Si lo fatal (es decir, lo que viene con el fatum, con el destino de nuestra época) es que los matrimonios actuales se separen, lo que no se entiende es por qué sigue siendo fatal (en el mismo sentido de casi obligatorio) casarse. Una de las sentencias más antiguas y más citadas sobre el matrimonio es de Menandro: «Casarse es un mal, pero es un mal necesario». Comenta un autor italiano: «En que sea un mal, estoy de acuerdo, pero ¿por qué necesario?». En todo caso, hasta ahora, no hemos sido capaces de inventar formas de amor, de convivencia y crianza de los hijos, que sean de verdad alternativas razonables al milenario invento innatural, quiero decir cultural, del matrimonio. Sólo unas cuantas parejas, con cierta dosis variable de poligamia y poliandria, han sabido inventar, casi en secreto, vidas más llevaderas.

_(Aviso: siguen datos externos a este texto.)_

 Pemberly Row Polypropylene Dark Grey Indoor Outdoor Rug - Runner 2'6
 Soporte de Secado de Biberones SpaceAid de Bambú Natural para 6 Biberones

Eneas rechaza a Dido, y cuando la rechaza está rechazando el matrimonio por amor, las efímeras relaciones de la pasión. Eneas se casa con un proyecto serio, con Lavinia, que será la piedra sobre la que se va a construir nada menos que el Imperio romano. El matrimonio por amor es algo demasiado superficial, porque el amor es una locura apasionada en la que no se puede confiar, o en la que confían solamente los ilusos. Los latinos de hoy, nosotros, no seguimos las enseñanzas de nuestro padre Eneas; no tenemos tampoco el sentido práctico de Kant ni la fría distancia de Thomas Mann. Nosotros hemos optado por la superficialidad de enamorarnos y desenamorarnos, de casarnos y descasarnos, de vivir por ahí, a la bandola, a la topatolondra, y por eso, entre otros mil motivos, hemos producido estas sociedades: divertidas, pero completamente desordenadas, pobres, llenas de hijos sin padre, con todos los patrimonios diseminados en regueros de matrimonios. Tal vez no lo podemos evitar. La Eva de los latinos, nuestra primera madre, es Venus, y como descendientes de ella, somos lascivos como Ovidio, no aprendimos el estoicismo de Séneca ni el ascético desprecio del cuerpo de Quevedo. En realidad, no creo que ninguna sociedad aprenda por las buenas esas lecciones. Sin el látigo de una Iglesia o de un Estado, y conscientes del caos que sería la anarquía amorosa, vivimos condenados a una lucha interior entre la cultura del matrimonio y la familia, y la natura de nuestros deseos y nuestras ilusiones. El amor, esa mentira, esa trampa de la naturaleza, es y seguirá siendo una mentira en la que todos creemos y una trampa en la que todos queremos caer.